***** SUPPLIED RECORDS *****

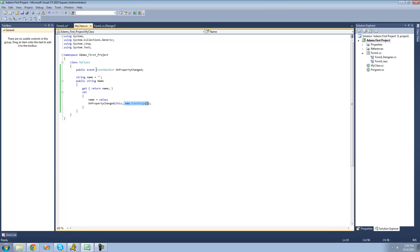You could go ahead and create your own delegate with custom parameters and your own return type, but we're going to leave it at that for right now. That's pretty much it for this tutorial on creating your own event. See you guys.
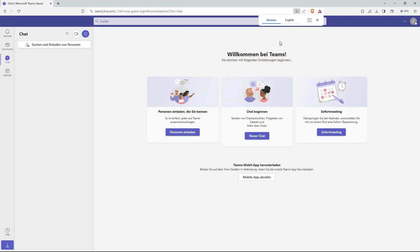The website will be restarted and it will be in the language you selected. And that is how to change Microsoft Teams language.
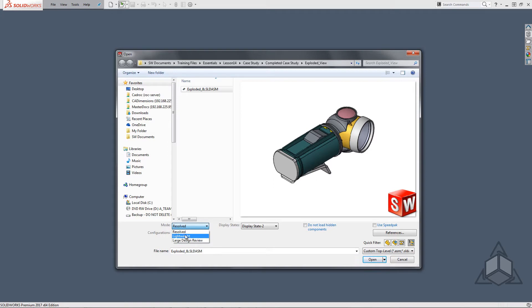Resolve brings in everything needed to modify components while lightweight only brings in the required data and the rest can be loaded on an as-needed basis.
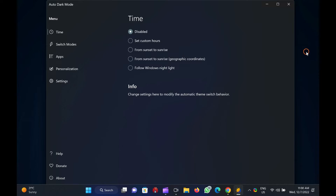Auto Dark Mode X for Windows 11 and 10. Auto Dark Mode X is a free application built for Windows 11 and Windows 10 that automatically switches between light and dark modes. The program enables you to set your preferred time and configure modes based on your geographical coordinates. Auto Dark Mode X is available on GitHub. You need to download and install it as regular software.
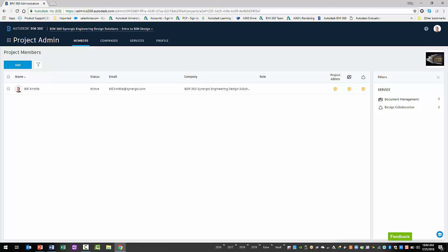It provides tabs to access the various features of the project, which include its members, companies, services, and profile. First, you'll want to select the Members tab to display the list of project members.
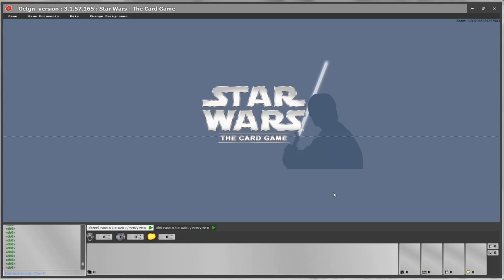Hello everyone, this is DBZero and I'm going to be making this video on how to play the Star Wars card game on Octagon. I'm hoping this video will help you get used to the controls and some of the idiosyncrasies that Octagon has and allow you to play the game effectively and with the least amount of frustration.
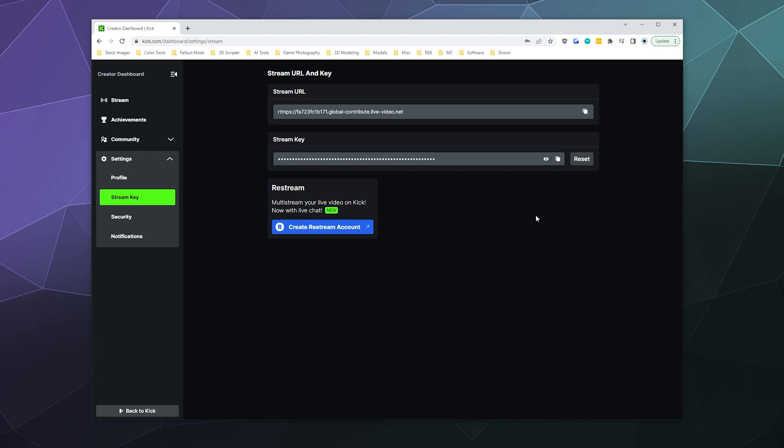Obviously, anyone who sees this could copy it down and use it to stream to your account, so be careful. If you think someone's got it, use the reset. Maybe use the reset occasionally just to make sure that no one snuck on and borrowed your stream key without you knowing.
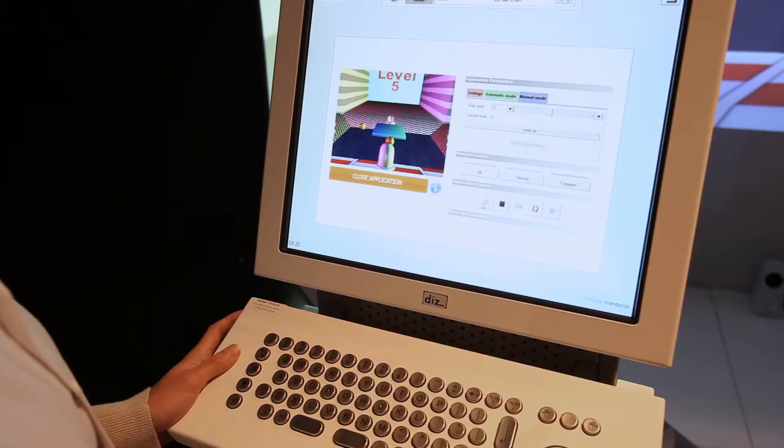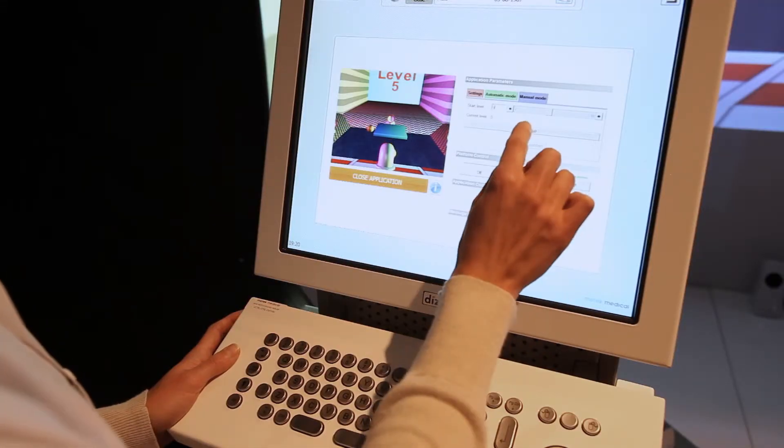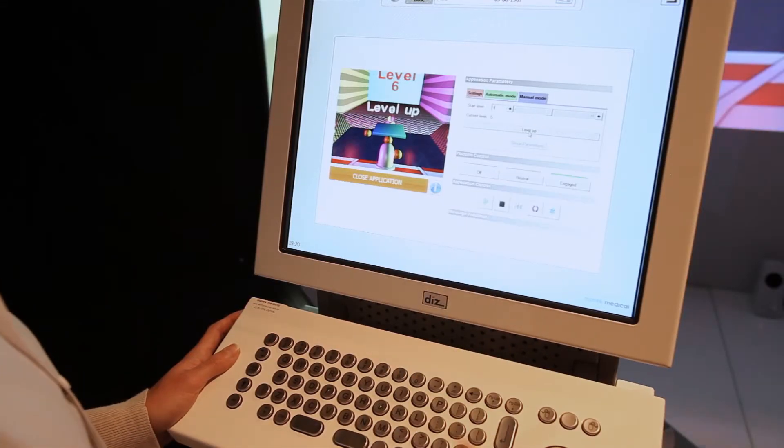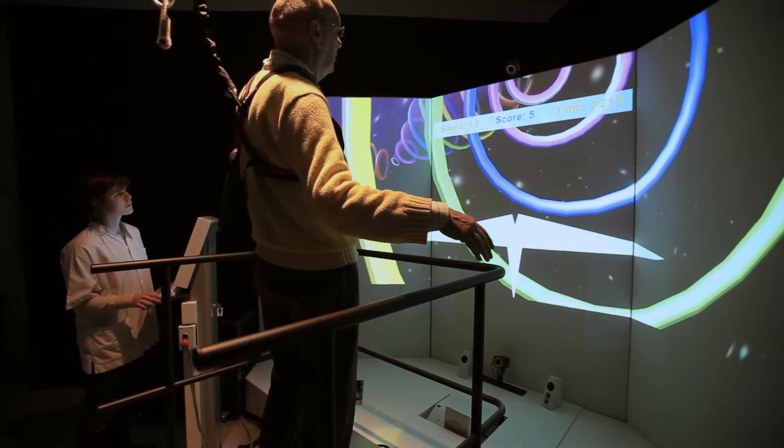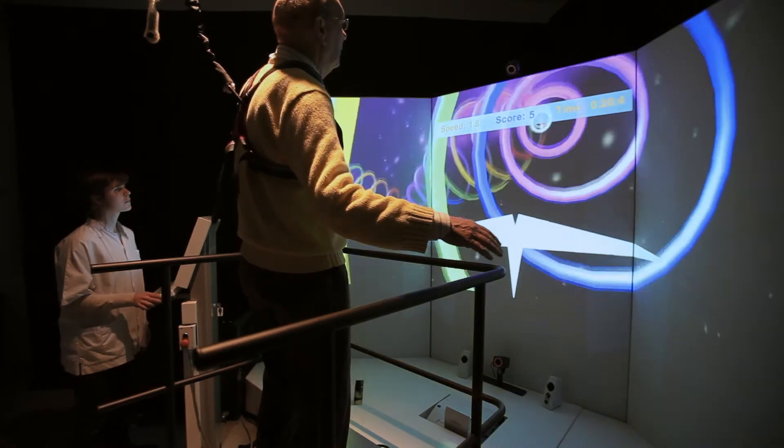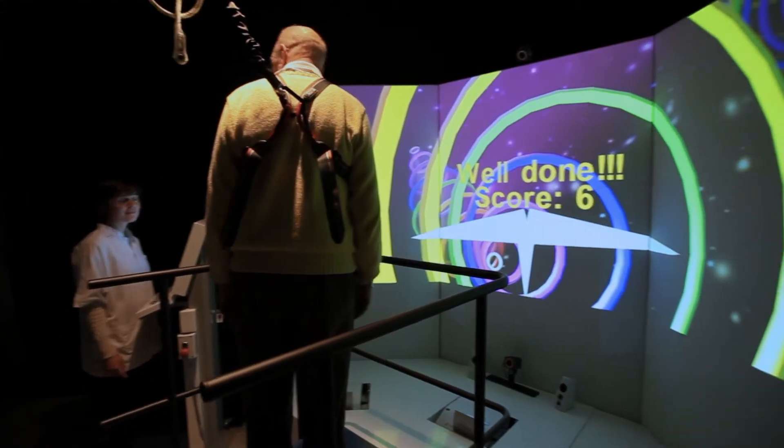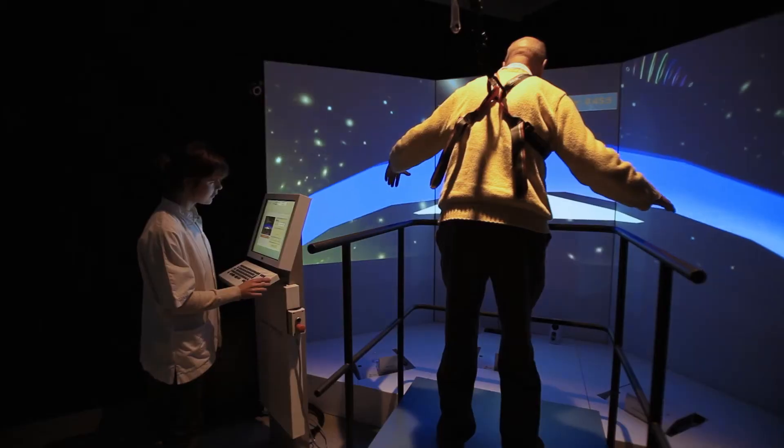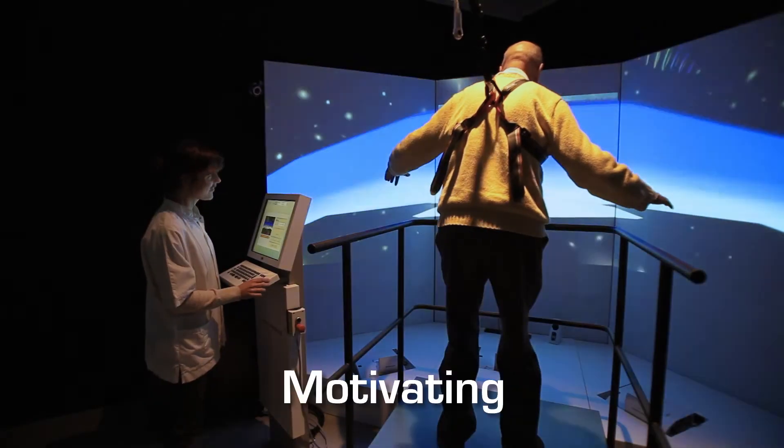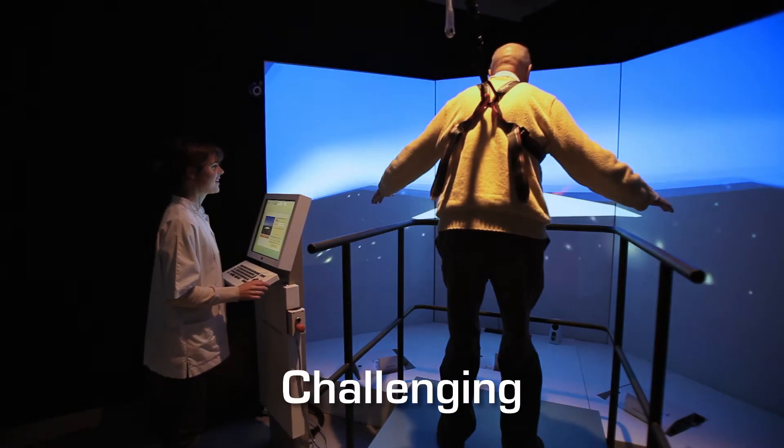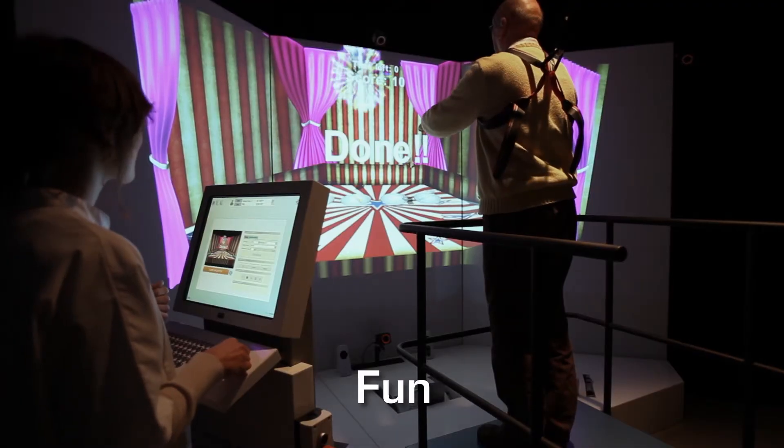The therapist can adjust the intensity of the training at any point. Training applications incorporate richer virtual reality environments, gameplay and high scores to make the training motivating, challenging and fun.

*****

AIM OF THE TASK> From the line containing "Auto Dark Mode X for" to the last line of the records, inclusive, output the lines exactly as written and nothing else; leave out the pictures.

ANSWER TO THIS PROBLEM>
Auto Dark Mode X for Windows 11 and 10. Auto Dark Mode X is a free application built for Windows 11 and Windows 10 that automatically switches between light and dark modes. The program enables you to set your preferred time and configure modes based on your geographical coordinates. Auto Dark Mode X is available on GitHub. You need to download and install it as regular software.
It provides tabs to access the various features of the project, which include its members, companies, services, and profile. First, you'll want to select the Members tab to display the list of project members.
Hello everyone, this is DBZero and I'm going to be making this video on how to play the Star Wars card game on Octagon. I'm hoping this video will help you get used to the controls and some of the idiosyncrasies that Octagon has and allow you to play the game effectively and with the least amount of frustration.
Obviously, anyone who sees this could copy it down and use it to stream to your account, so be careful. If you think someone's got it, use the reset. Maybe use the reset occasionally just to make sure that no one snuck on and borrowed your stream key without you knowing.
The therapist can adjust the intensity of the training at any point. Training applications incorporate richer virtual reality environments, gameplay and high scores to make the training motivating, challenging and fun.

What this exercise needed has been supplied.